Task to carry out: Gather all lines in the records below that include the word "Thumbnail".

Exercise materials:
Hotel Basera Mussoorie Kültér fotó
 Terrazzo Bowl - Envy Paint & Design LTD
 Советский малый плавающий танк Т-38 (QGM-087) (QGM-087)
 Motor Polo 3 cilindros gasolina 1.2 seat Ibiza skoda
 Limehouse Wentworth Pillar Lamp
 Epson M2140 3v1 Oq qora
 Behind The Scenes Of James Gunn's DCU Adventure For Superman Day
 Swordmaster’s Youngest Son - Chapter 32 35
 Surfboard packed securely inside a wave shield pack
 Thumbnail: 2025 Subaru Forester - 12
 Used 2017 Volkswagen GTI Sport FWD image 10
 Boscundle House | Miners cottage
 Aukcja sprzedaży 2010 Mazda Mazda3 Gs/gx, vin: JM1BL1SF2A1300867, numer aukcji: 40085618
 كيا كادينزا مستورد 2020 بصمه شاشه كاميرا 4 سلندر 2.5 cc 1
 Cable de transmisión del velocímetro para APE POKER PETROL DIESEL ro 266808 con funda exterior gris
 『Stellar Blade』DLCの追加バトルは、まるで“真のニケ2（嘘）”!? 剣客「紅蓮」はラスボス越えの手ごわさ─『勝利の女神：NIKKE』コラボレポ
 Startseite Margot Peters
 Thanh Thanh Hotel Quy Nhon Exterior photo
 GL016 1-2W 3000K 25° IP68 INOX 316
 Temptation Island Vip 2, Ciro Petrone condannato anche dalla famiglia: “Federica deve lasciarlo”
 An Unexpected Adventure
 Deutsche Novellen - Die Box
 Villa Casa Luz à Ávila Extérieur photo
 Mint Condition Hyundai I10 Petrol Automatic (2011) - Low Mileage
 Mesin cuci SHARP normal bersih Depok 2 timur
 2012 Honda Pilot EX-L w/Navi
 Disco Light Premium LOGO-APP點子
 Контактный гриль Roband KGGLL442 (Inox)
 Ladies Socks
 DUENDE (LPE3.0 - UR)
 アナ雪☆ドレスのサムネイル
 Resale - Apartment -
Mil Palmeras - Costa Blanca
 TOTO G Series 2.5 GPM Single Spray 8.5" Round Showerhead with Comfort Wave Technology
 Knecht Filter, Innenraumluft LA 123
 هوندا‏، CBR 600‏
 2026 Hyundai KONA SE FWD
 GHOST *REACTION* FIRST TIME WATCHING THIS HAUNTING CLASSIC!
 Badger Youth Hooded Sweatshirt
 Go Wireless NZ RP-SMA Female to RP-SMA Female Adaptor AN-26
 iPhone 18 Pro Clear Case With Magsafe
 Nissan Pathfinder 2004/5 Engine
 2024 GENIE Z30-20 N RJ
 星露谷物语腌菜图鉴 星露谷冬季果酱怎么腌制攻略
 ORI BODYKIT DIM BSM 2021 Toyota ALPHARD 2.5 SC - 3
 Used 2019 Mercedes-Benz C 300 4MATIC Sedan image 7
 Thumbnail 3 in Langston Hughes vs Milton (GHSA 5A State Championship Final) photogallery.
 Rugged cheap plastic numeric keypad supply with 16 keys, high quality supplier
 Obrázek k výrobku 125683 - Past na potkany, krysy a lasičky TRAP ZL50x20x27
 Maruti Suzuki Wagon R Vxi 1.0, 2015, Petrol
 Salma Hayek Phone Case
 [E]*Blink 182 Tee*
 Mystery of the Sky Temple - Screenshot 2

Final answer:
 Thumbnail: 2025 Subaru Forester - 12
 Thumbnail 3 in Langston Hughes vs Milton (GHSA 5A State Championship Final) photogallery.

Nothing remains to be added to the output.